# Sunday Special - Spaced Out



## luckytrim (Aug 5, 2019)

Sunday Special - Spaced Out
1. He was the first to put the sun, rather than the earth, at  the center of our solar
system...
2. How many moons does Mercury have ?
3. What was Edmund Halley's native country ?
4. First man in space...
5. Third American in space... (after Shepard and  Grissom)
6. Ill-fated Apollo 13 commander...
7. First satellite, 1957
8. The earth's magnetic belt....
9. North Star's formal name...
10. First man-made object to leave the Solar  System...
11. 1983 book chronicling the US Space program...
12. "Grand Tour of the Planets" probes...

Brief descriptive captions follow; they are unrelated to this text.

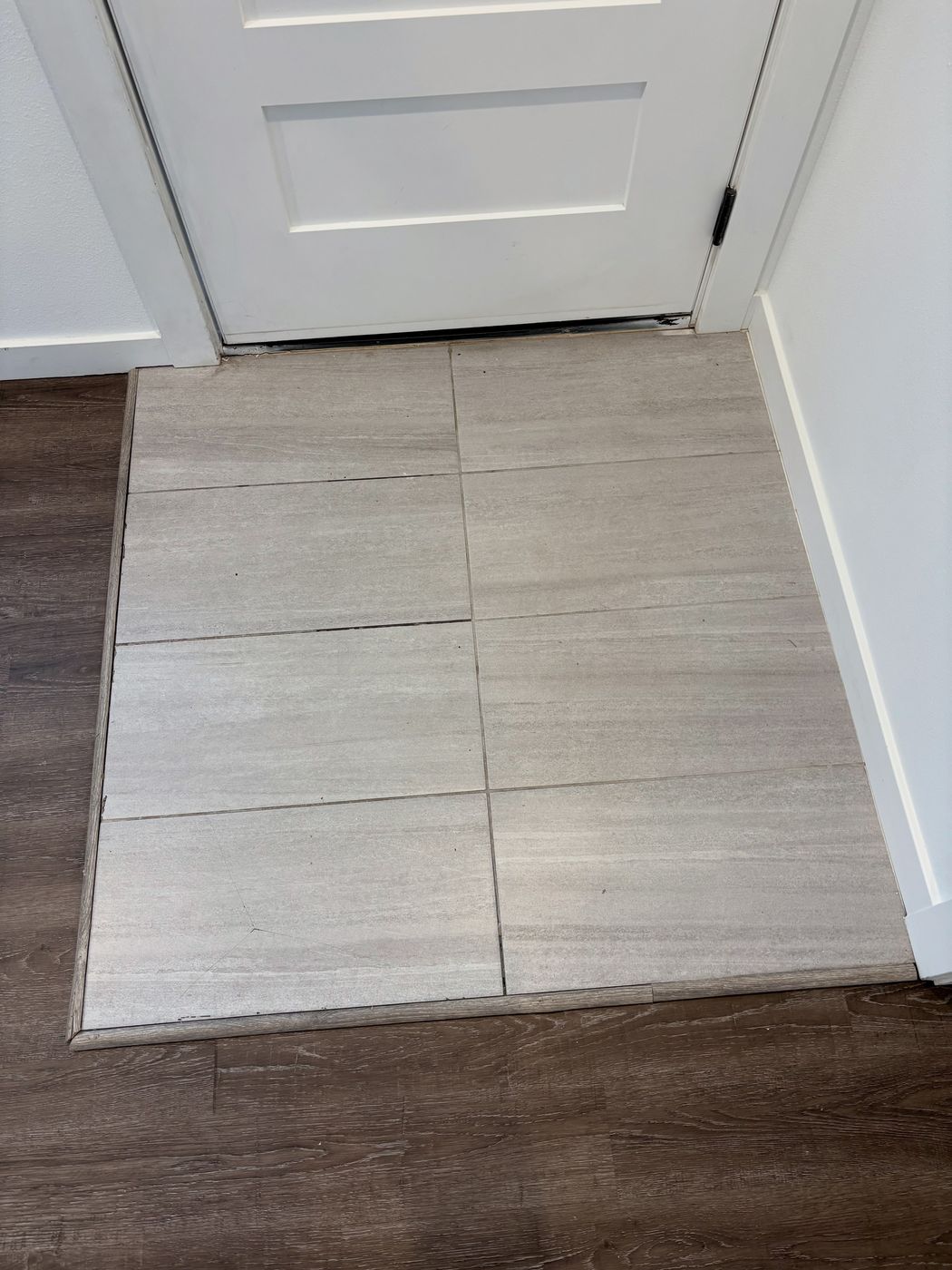 New large-format tile floor meeting wood-look flooring at a doorway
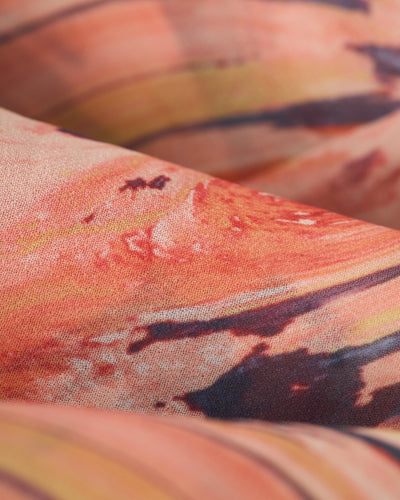 Close-up of The Curacao Shorts - Lantana by Dandy Del Mar, featuring an abstract orange, yellow, and black pattern with visible texture, soft folds, and a relaxed fit.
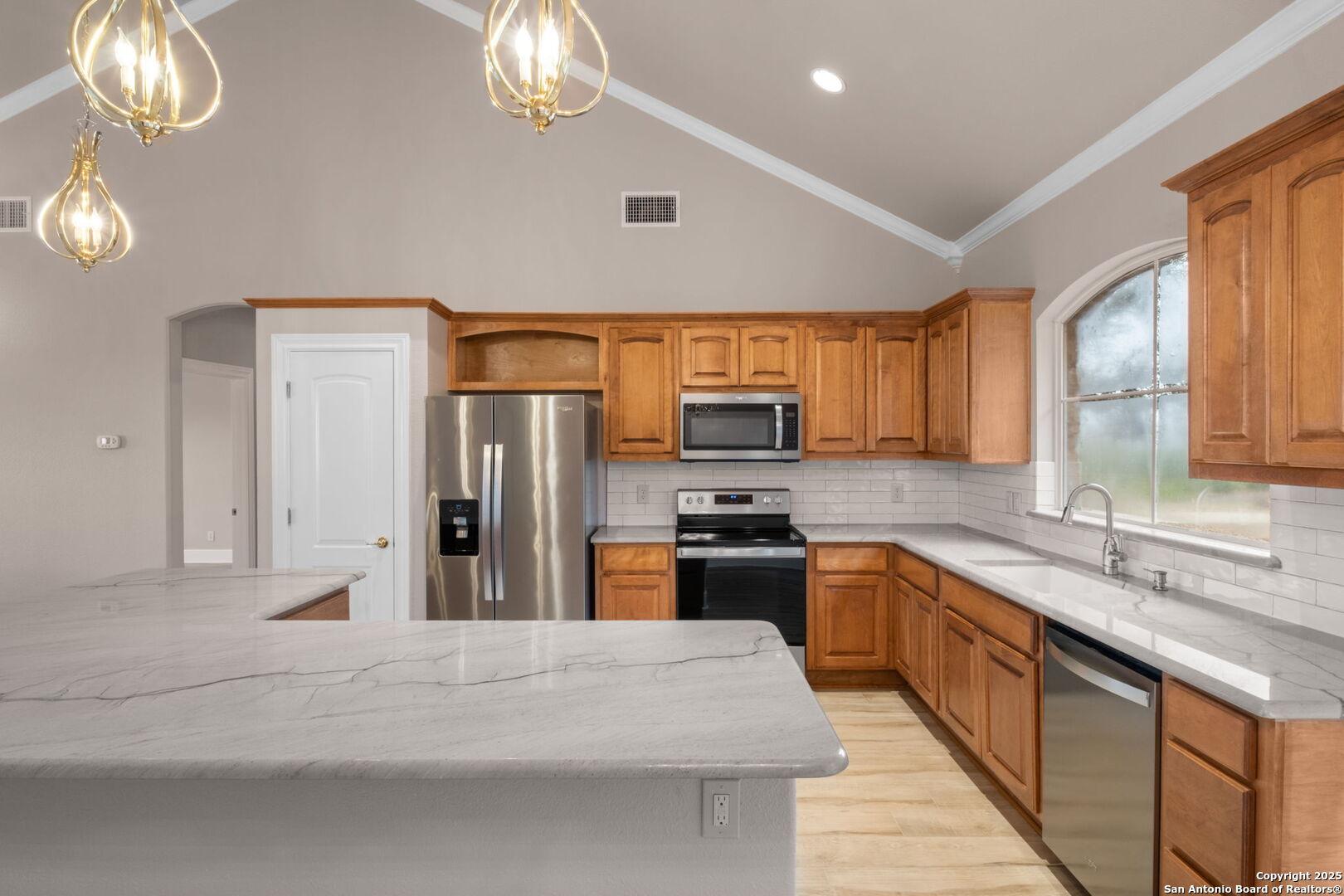 1069 Fawn River Drive Spring Branch, TX 78070 - Photo 20 of 25 a large kitchen with stainless steel appliances granite countertop a sink refrigerator stove and microwave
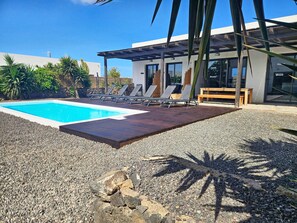 A modern outdoor pool area with lounge chairs and a wooden deck. - MAAR House (La Oliva)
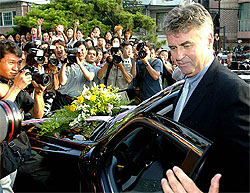 South Korea soccer coach Guus Hiddink receives a car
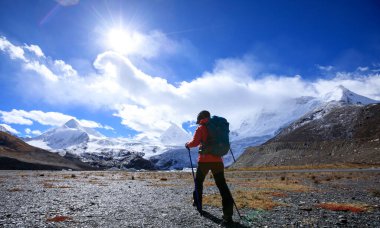 Yüksek rakımlı kış dağlarında yürüyüş yapan bir kadın.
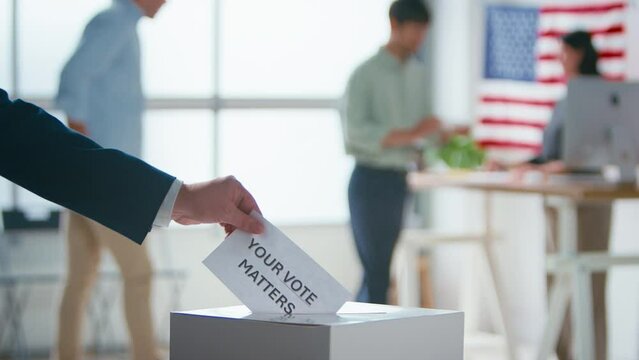 Close up of hand putting slip of paper with "Your Vote Counts" written on it into ballot box at polling station for American election with voters - shot in slow motion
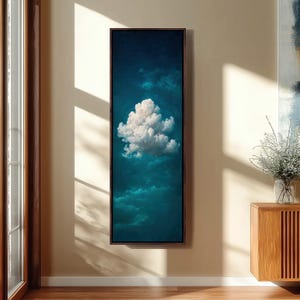 Puede incluir: Una obra de arte vertical enmarcada que representa un paisaje de nubes. La obra presenta una gran nube blanca y esponjosa sobre un fondo de tonos azul verdoso y azul oscuro. El marco es de color marrón oscuro y la obra se exhibe en una pared beige.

13. Distance to closest star, (other than our sun) Proxima  Centuri....
14. Jupiter probe....
15. Solar magnetic Storms with 11-year cycles...
16. The two moons of Mars
17. Number of men who have walked on the Moon...

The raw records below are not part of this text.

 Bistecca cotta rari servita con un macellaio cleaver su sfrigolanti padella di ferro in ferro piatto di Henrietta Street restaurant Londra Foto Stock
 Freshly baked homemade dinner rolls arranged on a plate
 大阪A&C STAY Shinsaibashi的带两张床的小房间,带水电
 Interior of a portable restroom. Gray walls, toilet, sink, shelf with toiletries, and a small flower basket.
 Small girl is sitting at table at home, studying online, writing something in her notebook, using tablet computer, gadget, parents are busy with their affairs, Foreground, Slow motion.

18. Two largest moons of Jupiter...
19. Saturn has at least _____ moons.
20. The "Blue Planet"...
.
.
.
.
.
.
.
.
.
.
.
.
.
.
.
.
.
.
.
.
1. Copernicus
2. None
3. England
4. Yuri Gagarin
5. John Glenn
6. James Lovell
7. Sputnik
8. Van Allen Belt
9. Polaris
10. Pioneer 10
11. "The Right Stuff"
12. Voyager I & II
13. 4.1 Light Years
14. Galileo
15. Sun Spots
16. Phobos and Demos
17. twelve
18. Ganymede and Callisto
19. 21
20. Earth (Acceptable- Neptune)


----------